== Task requirements ==
Should pictures appear among the records, leave them out, and copy exactly only the lines from the first through the one with "Valhallagatan 16, Skara, Skara kommun", inclusive.

___

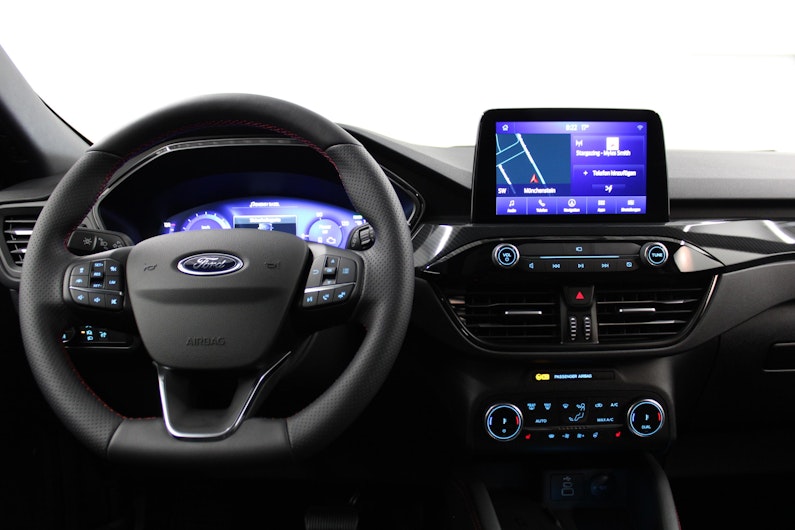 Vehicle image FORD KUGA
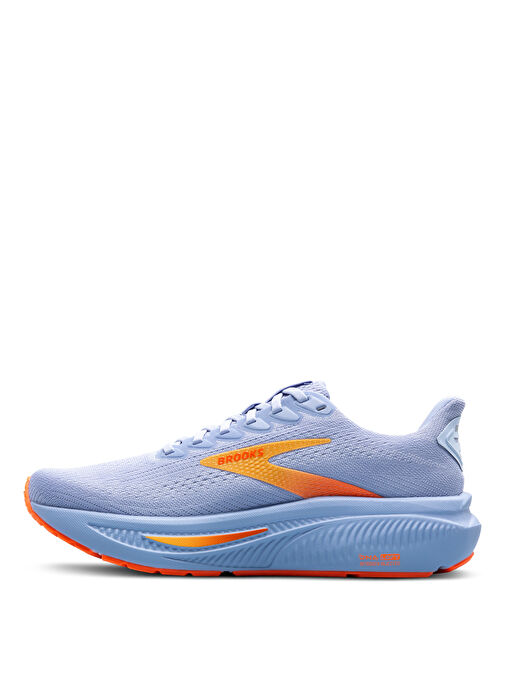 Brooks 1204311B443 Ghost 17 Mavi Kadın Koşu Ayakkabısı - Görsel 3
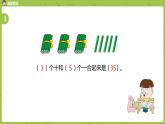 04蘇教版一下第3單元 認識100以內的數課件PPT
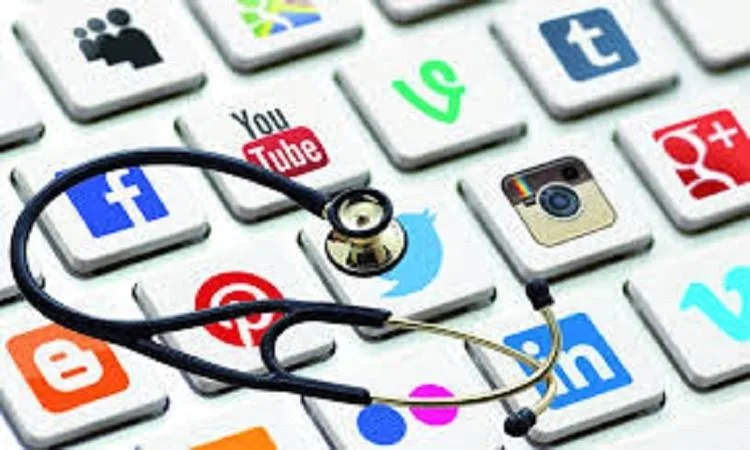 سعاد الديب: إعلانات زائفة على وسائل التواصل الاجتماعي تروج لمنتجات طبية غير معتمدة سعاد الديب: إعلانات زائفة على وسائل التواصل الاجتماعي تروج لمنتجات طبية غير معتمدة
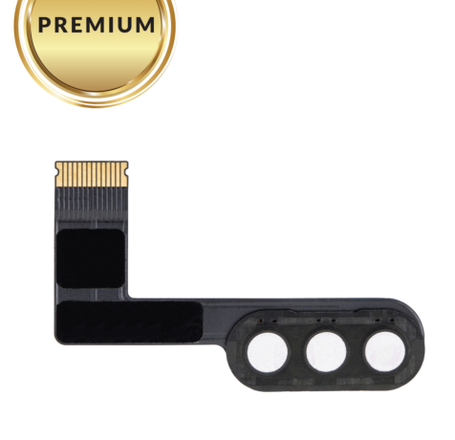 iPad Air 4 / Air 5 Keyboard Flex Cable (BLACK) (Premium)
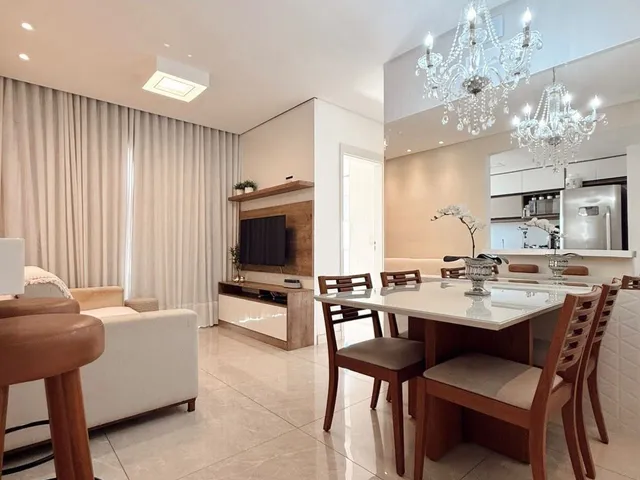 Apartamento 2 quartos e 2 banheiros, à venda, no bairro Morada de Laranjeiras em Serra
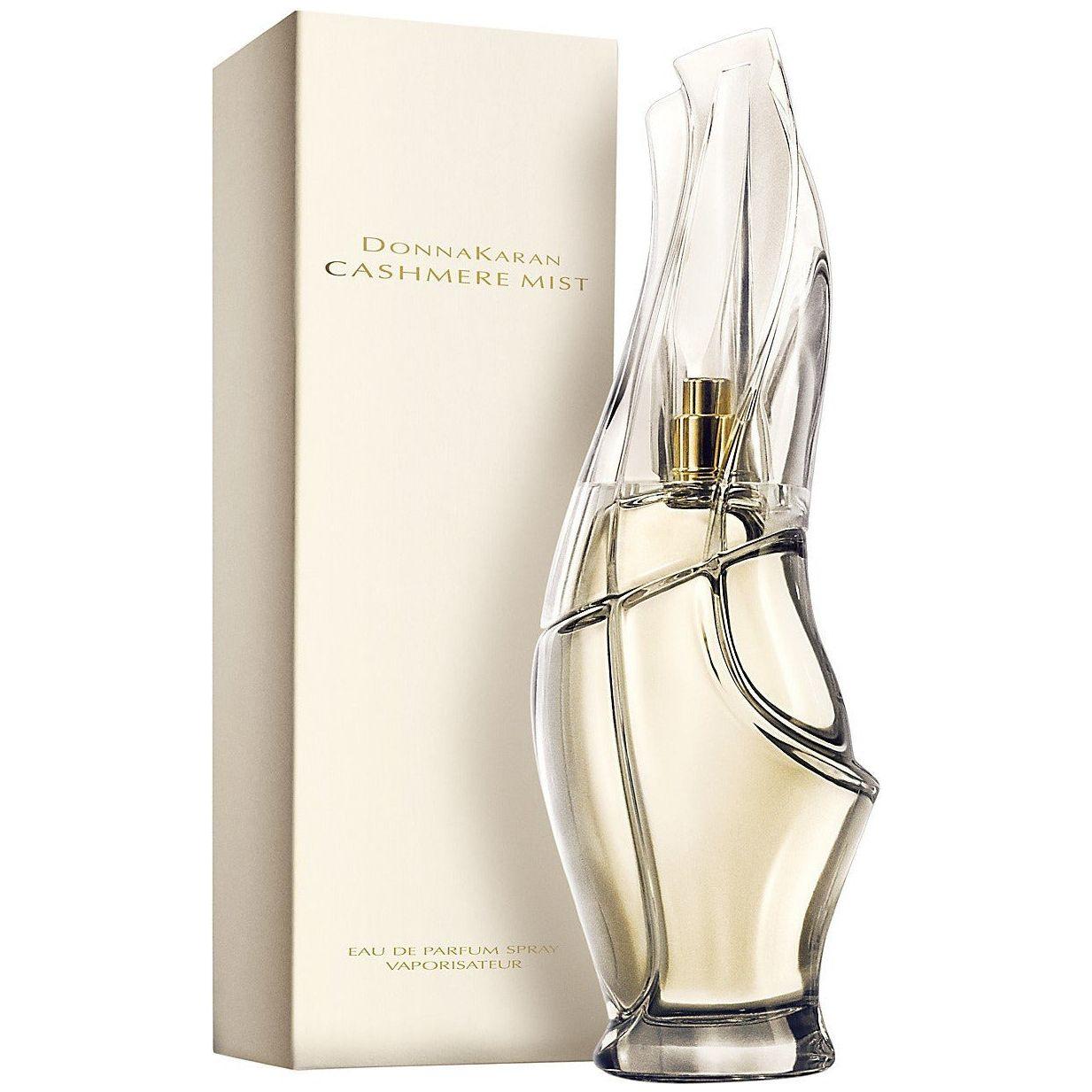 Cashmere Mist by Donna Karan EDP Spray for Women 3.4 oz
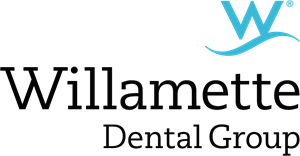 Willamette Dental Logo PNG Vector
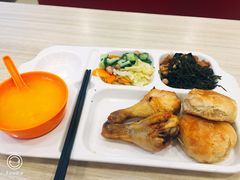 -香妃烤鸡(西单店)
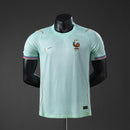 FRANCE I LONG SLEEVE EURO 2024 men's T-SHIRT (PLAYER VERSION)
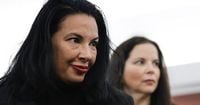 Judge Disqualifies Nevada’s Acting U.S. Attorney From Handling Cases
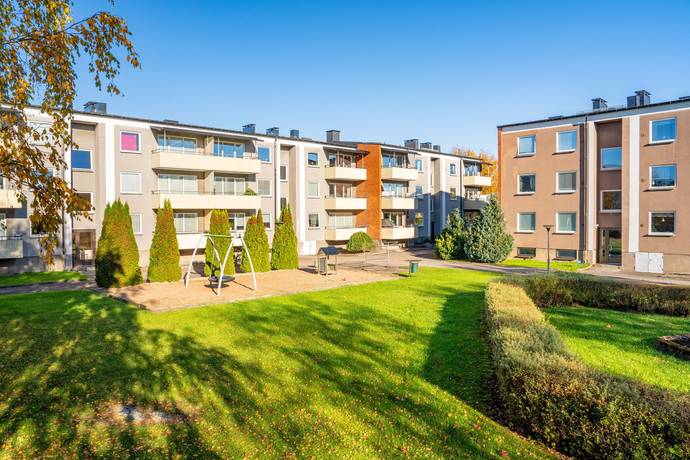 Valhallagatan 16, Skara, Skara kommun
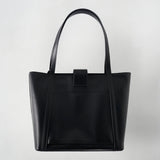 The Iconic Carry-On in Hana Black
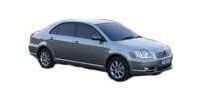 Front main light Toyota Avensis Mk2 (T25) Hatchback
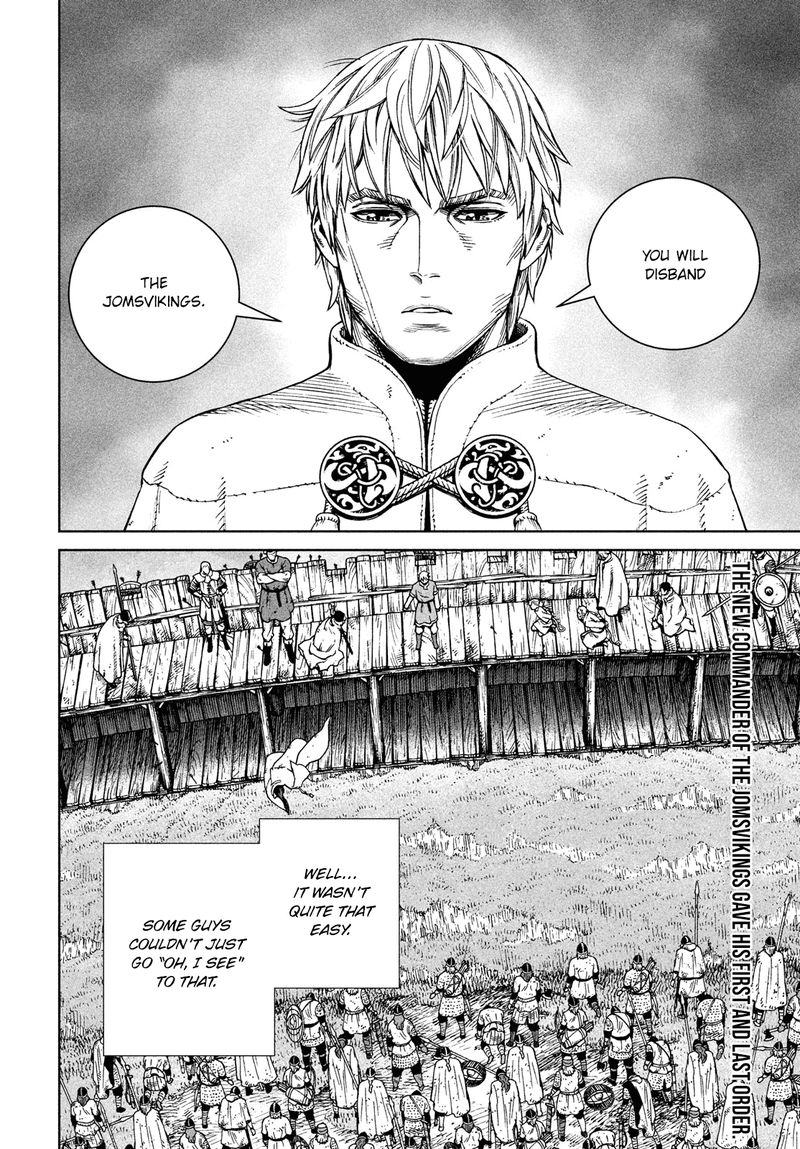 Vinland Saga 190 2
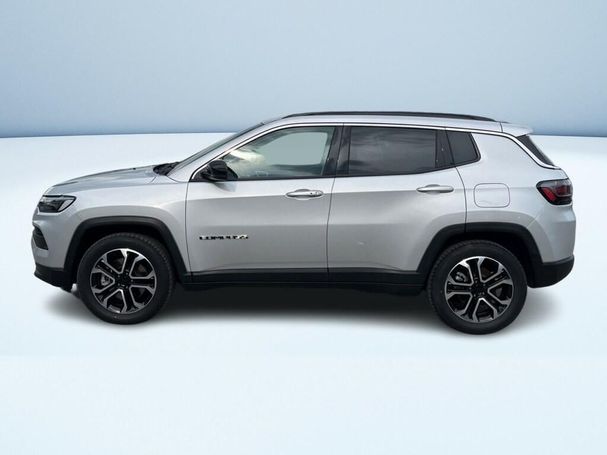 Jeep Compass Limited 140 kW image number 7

___

== Solution below ==
 Vehicle image FORD KUGA
 Brooks 1204311B443 Ghost 17 Mavi Kadın Koşu Ayakkabısı - Görsel 3
 04蘇教版一下第3單元 認識100以內的數課件PPT
 سعاد الديب: إعلانات زائفة على وسائل التواصل الاجتماعي تروج لمنتجات طبية غير معتمدة سعاد الديب: إعلانات زائفة على وسائل التواصل الاجتماعي تروج لمنتجات طبية غير معتمدة
 iPad Air 4 / Air 5 Keyboard Flex Cable (BLACK) (Premium)
 Apartamento 2 quartos e 2 banheiros, à venda, no bairro Morada de Laranjeiras em Serra
 Cashmere Mist by Donna Karan EDP Spray for Women 3.4 oz
 Willamette Dental Logo PNG Vector
 -香妃烤鸡(西单店)
 FRANCE I LONG SLEEVE EURO 2024 men's T-SHIRT (PLAYER VERSION)
 Judge Disqualifies Nevada’s Acting U.S. Attorney From Handling Cases
 Valhallagatan 16, Skara, Skara kommun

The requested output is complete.